The Screaming Tribesmen

The Screaming Tribesmen have undergone a significant evolution since their early days. Mick Medew's roots go back to a band called the 31st, which formed in Brisbane in November 1979 with future Died Pretty members Ron Peno and Chris Welsh singing and drumming, respectively, and Tony Robertson (future New Christs and Hitmen, among others) on bass. The 31st lasted until July of 1981 with only one significant change...the brief addition of former Fun Things guitarist Brad Shepherd. Their 60s garage punk sound was a fixture on the Brisbane scene for quite a while, and they played a lot of gigs with Brett Myers' band, the End. The group played covers of songs like Roky's "You're Gonna Miss Me" and songs by the Haunted or the Chocolate Watchband.

In August of 1981, Robertson left to join the Hitmen, and was replaced by Michael O'Connor. The 31st began playing gigs under the name Died Pretty at this point, but after two months Chris and Michael left and were replaced by former Fun Things rhythm section John Hartley and Murray Shepherd. This was the first line-up of the Screaming Tribesmen...Ron Peno handling vocals and Mick Medew on guitar.

By January 1982 Peno had left and the band was down to a 3 piece with Mick singing. In the spring they recorded the first Screaming Tribesmen 45, a four track do-it-yourself ep with a photocopied black and white sleeve that now fetches over $200 a copy. It had four songs, and they pressed 500 copies.
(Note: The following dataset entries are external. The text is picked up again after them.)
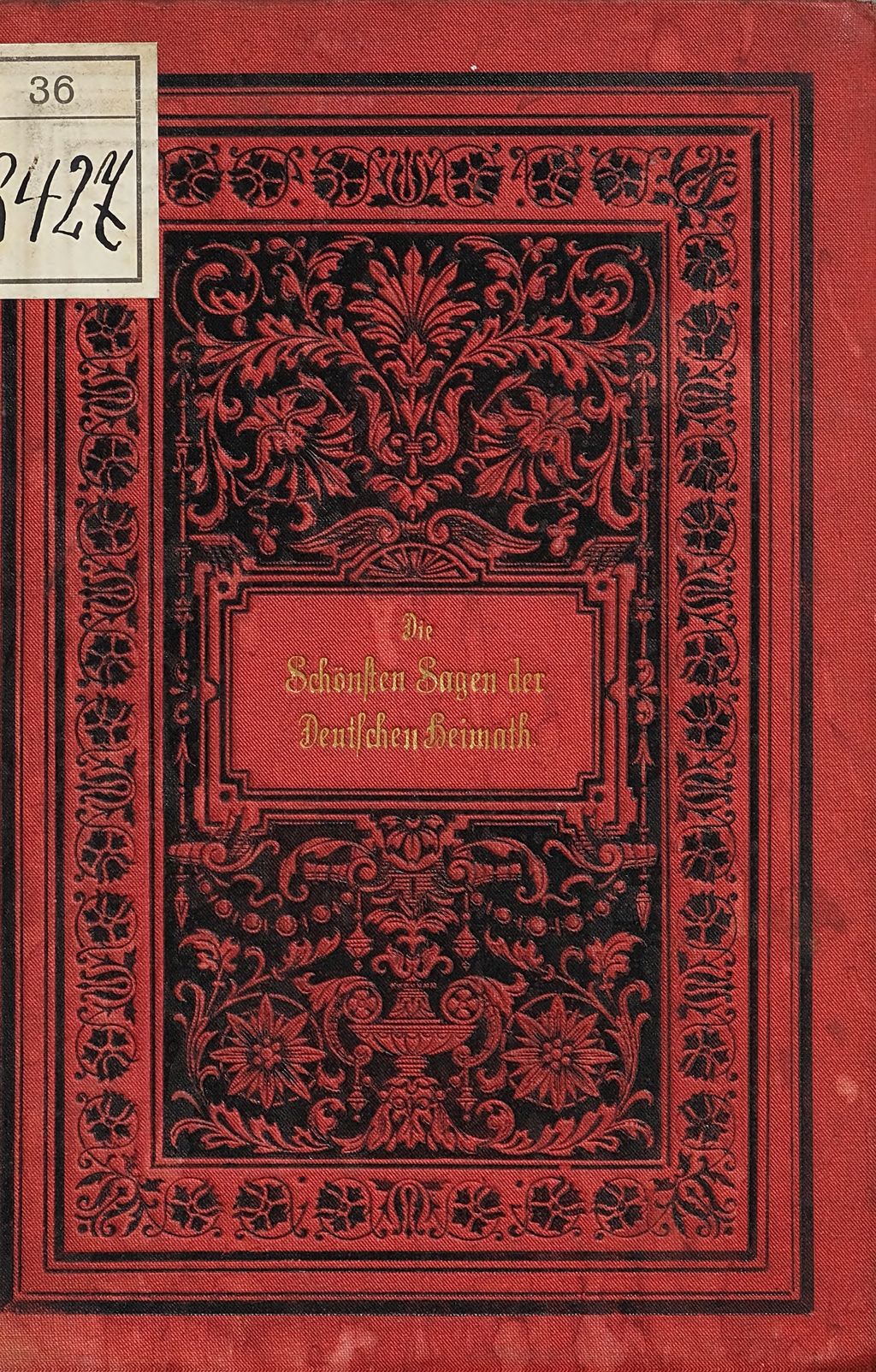 Cover of Die schönsten Sagen der deutschen Heimath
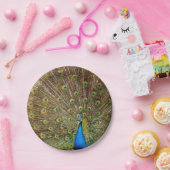 Peacock Tail Feathers Papieren Bordje (Feest)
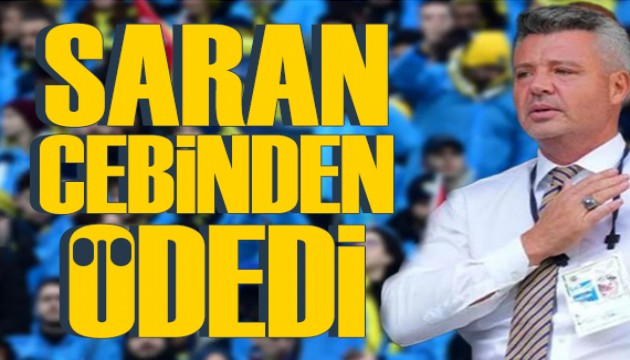 Sadettin Saran kendi cebinden ödedi: Yağmurluk tartışması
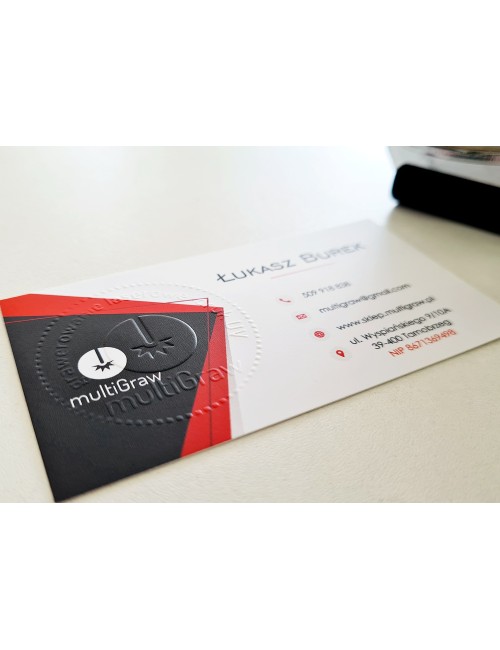 Suchy Stempel z akrylową matrycą do standardowego papieru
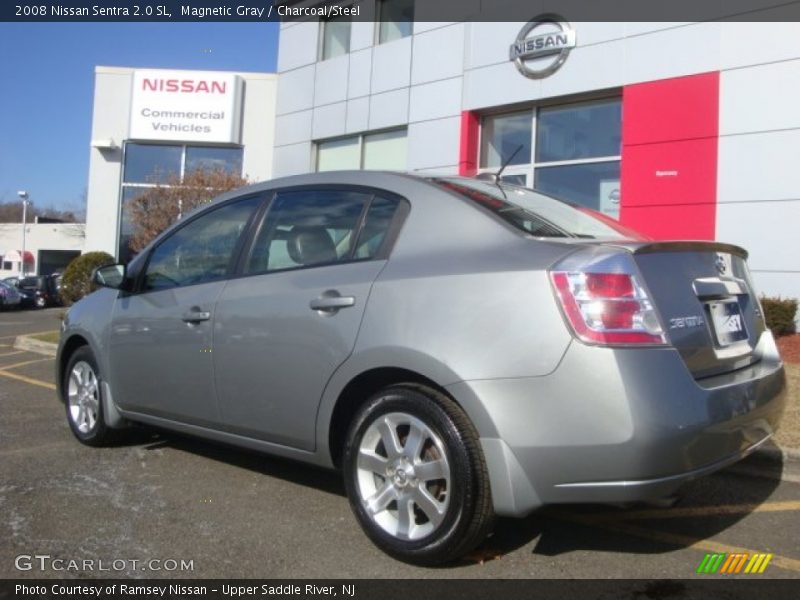 Magnetic Gray / Charcoal/Steel 2008 Nissan Sentra 2.0 SL
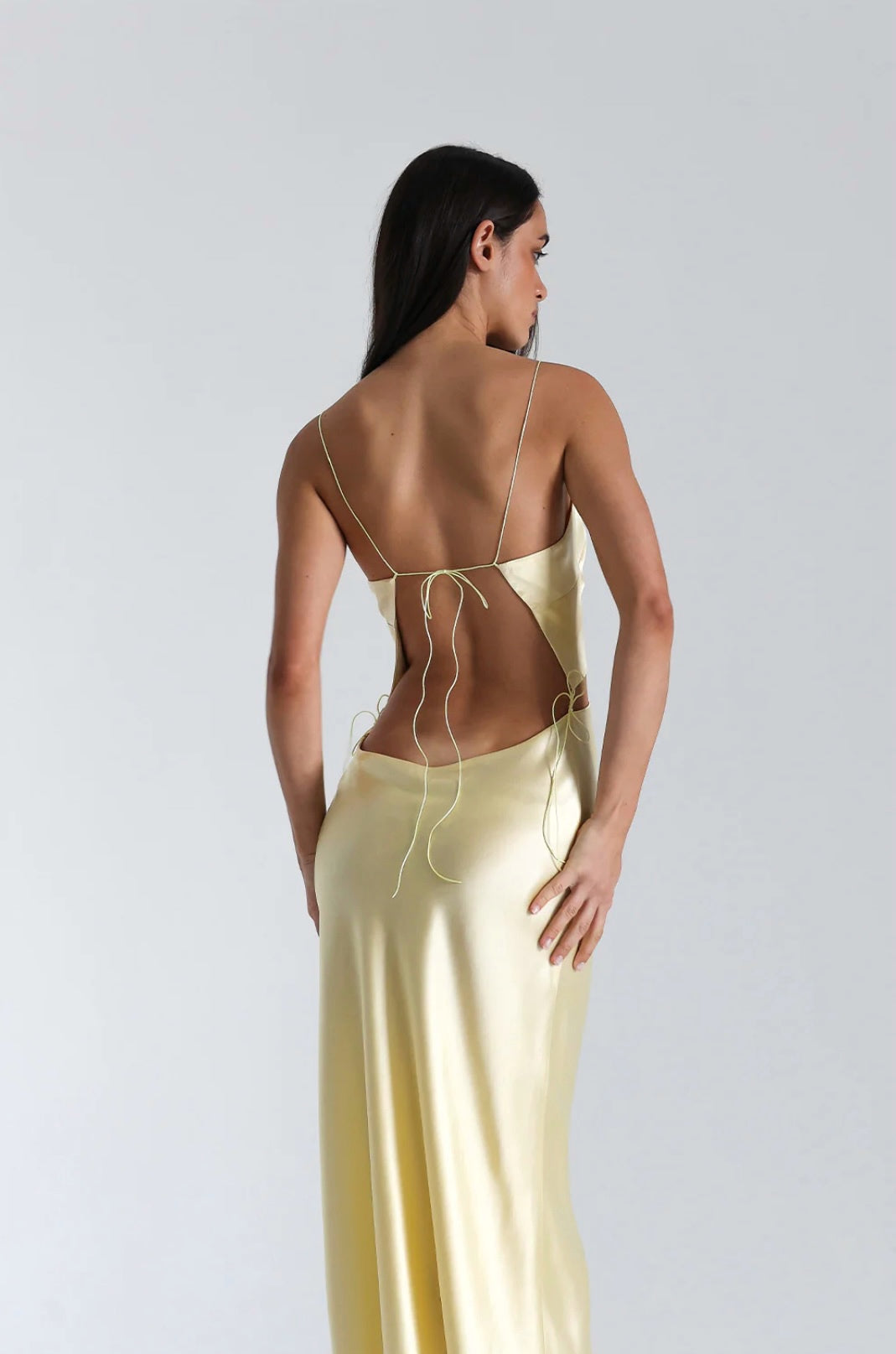 LEMON IRIS GOWN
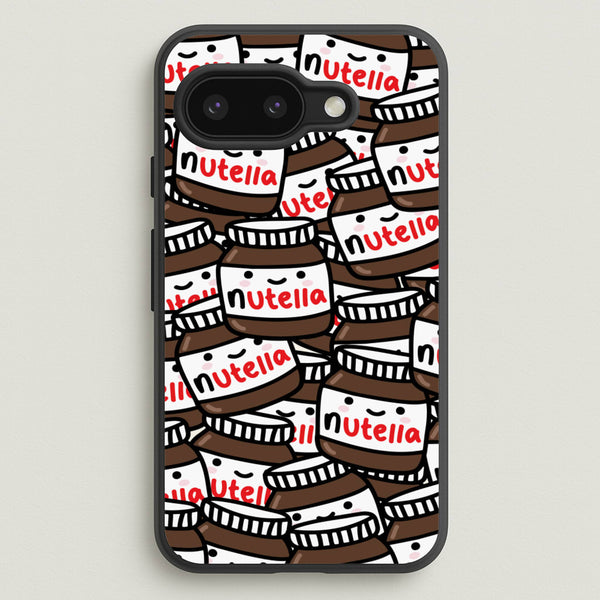 Cute Nutella Pattern  -  Phone Case for Google Pixel 9a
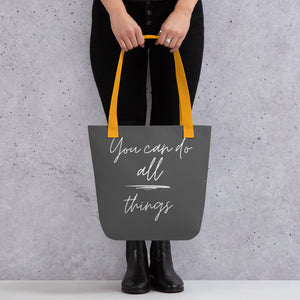 YOU CAN DO ALL THINGS Tote bag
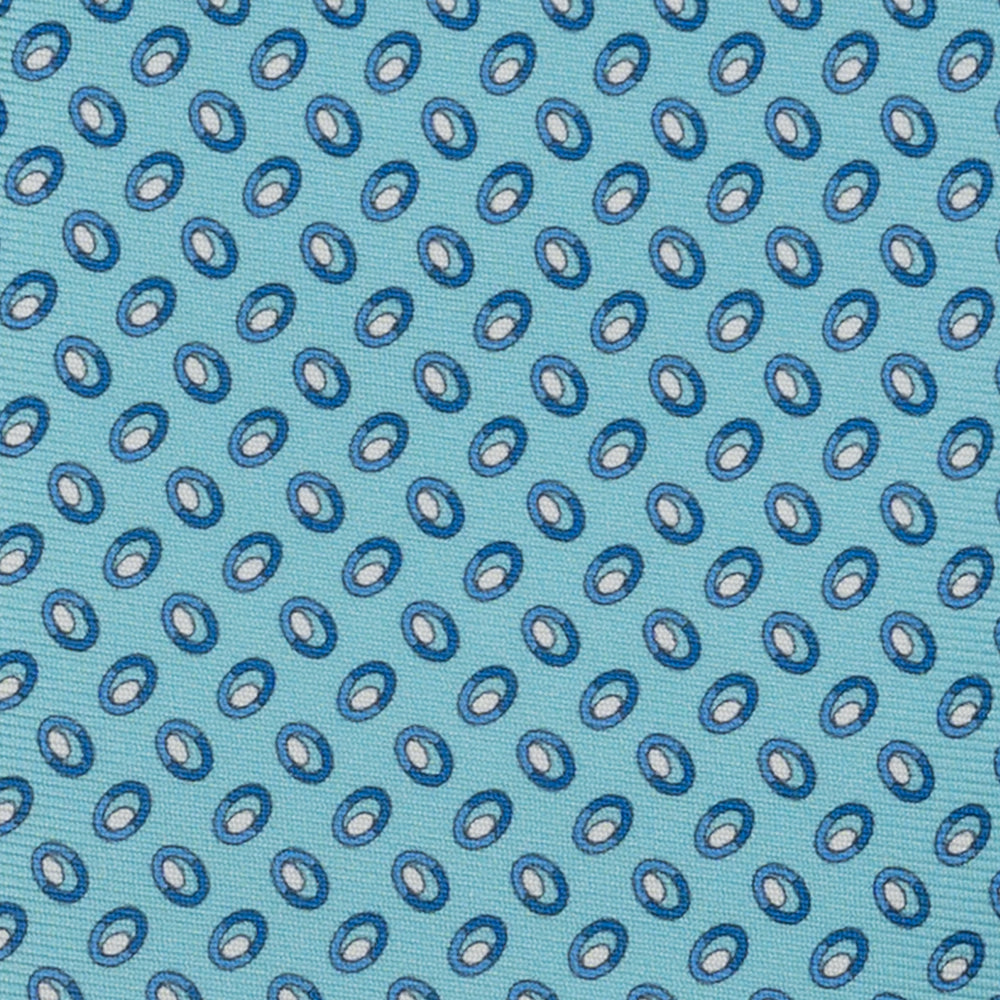 3-Fold Silk Tie, Micro Pattern, Light Blue - JA062938_2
The production has a rough and ready punk style and the songs vary from the 60's R&B of "Turn On Your Love Light" to the fairly straight punk of "Trans 43". Mick says there's not much chance they'll ever reissue this record because, as he puts it himself, "the sound isn't very good". He wasn't aware that "Trans 43" had been bootlegged (on a compilation of Aussie rarities), but he's not displeased by it: "you can't do anything to stop them from bootlegging, anyway".

In December of 1982 they recorded their second single, and this time the production was first rate. "Igloo"/"My True Love's Blood" was produced by former Radio Birdman guitarist Chris Masuak...his first try as a producer, but a good one. The band circulated tapes of the recording to major labels and were shot down by all, and Sydney indie Phantom Records rejected it, too, but Citadel finally picked it up and it ended up being a strong seller for them later in 1983. It turned out to be an excellent single for both the band and the label, as it was one of a handful of releases that helped create the Citadel legend.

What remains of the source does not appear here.